[Short web captions]
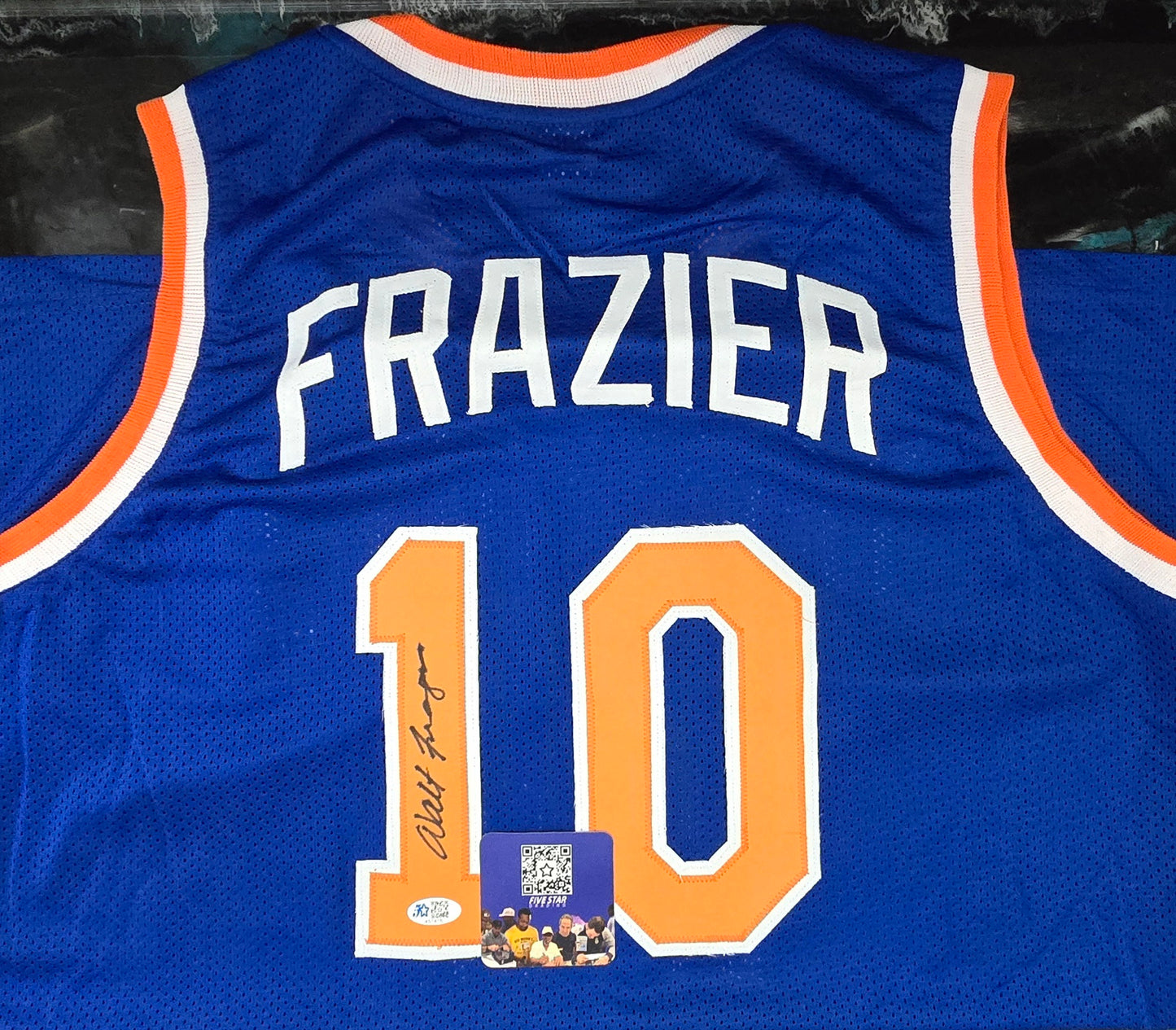 WALT FRAZIER SIGNED NEW YORK KNICKS #10 BLUE JERSEY COA - Fan Freaks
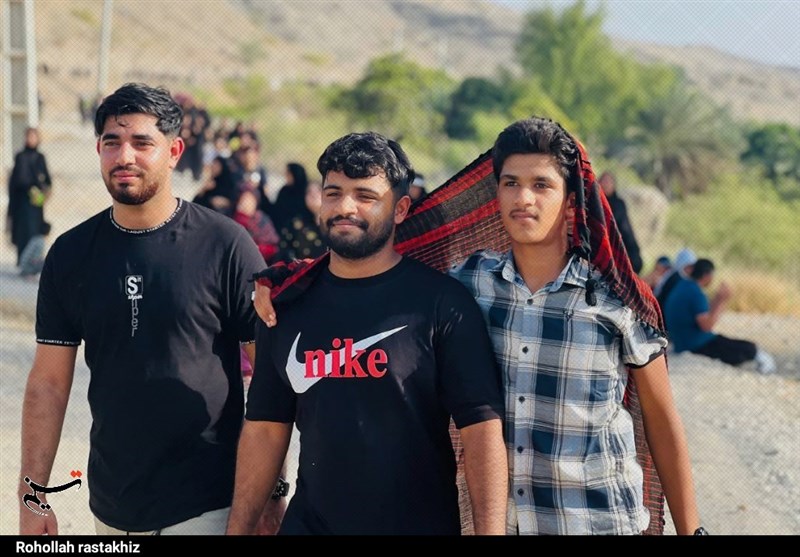 شکوه پیادهروی جاماندگان اربعین در هرمزگان/ این گزارش دیدن دارد + فیلم و تصاویر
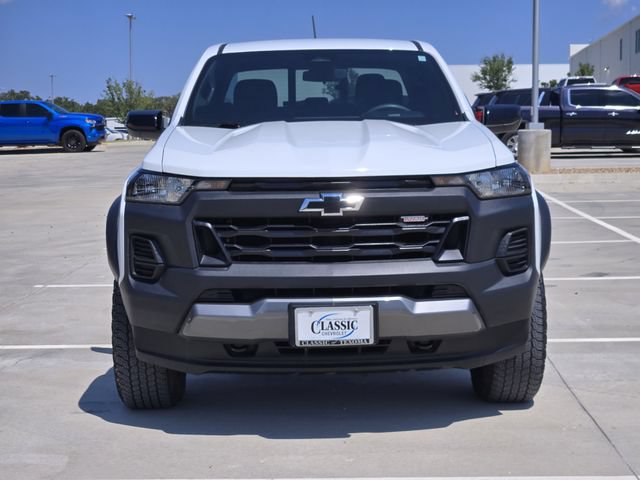 Used 2024 Chevrolet Colorado Trail Boss w/ Advanced Trailering Package AWD/4WD image 3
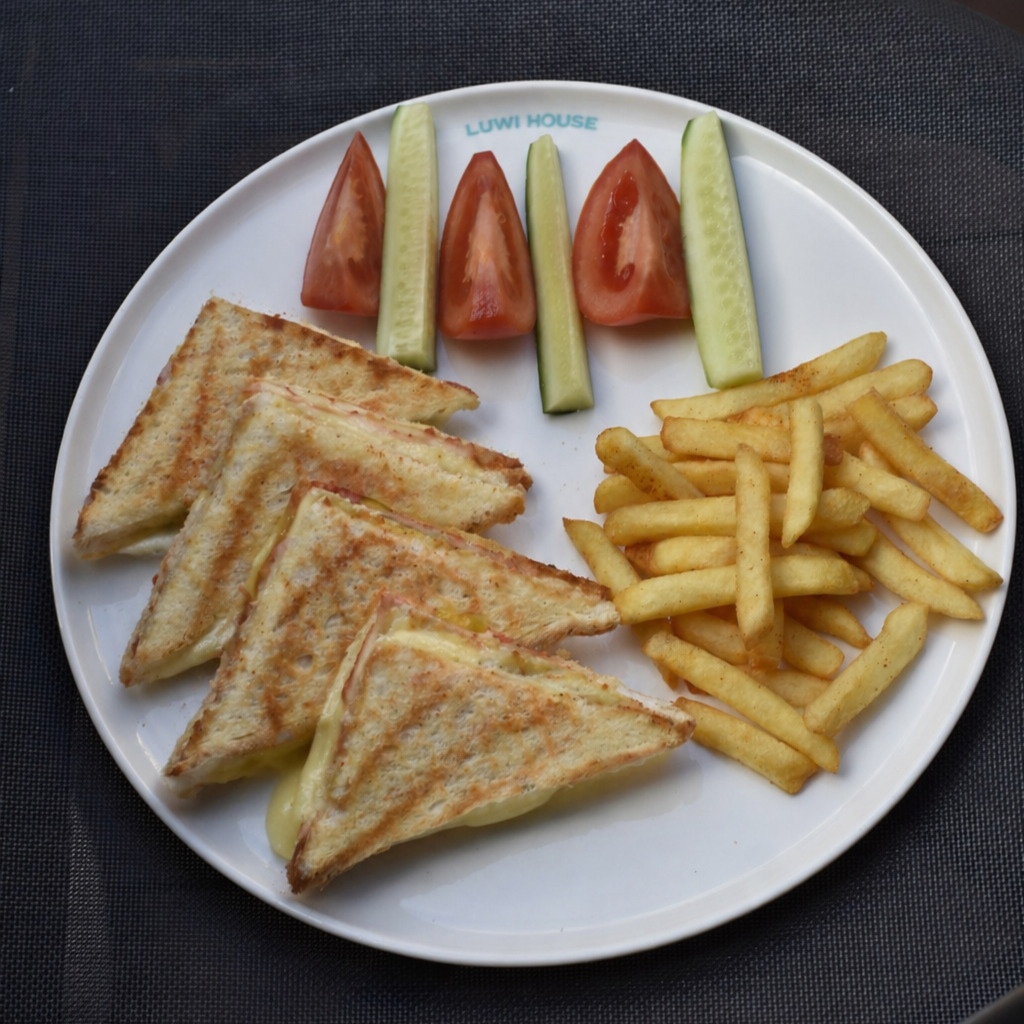 Kaşarlı Tost Tabağı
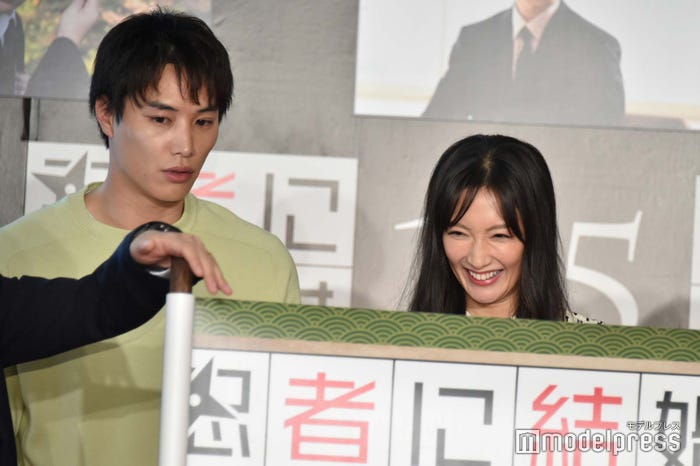 鈴木伸之、菜々緒 (C)モデルプレス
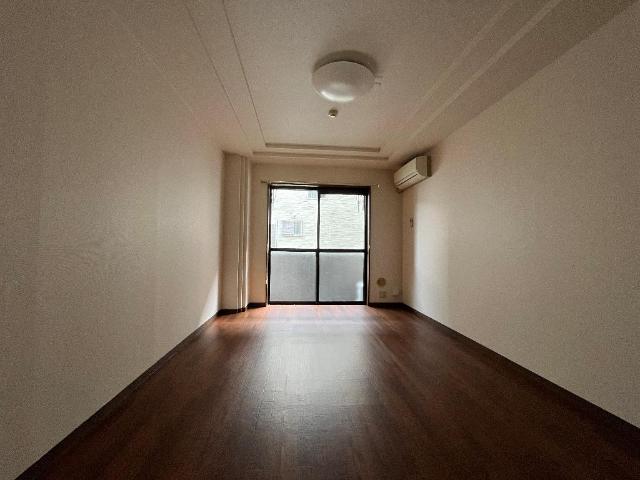 ロズウェルシブヤ 洋室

WHAT THE TASK ASKS: Without the pictures, return the records above exactly as written.

TASK RESPONSE:
 WALT FRAZIER SIGNED NEW YORK KNICKS #10 BLUE JERSEY COA - Fan Freaks
 شکوه پیادهروی جاماندگان اربعین در هرمزگان/ این گزارش دیدن دارد + فیلم و تصاویر
 Used 2024 Chevrolet Colorado Trail Boss w/ Advanced Trailering Package AWD/4WD image 3
 Kaşarlı Tost Tabağı
 鈴木伸之、菜々緒 (C)モデルプレス
 ロズウェルシブヤ 洋室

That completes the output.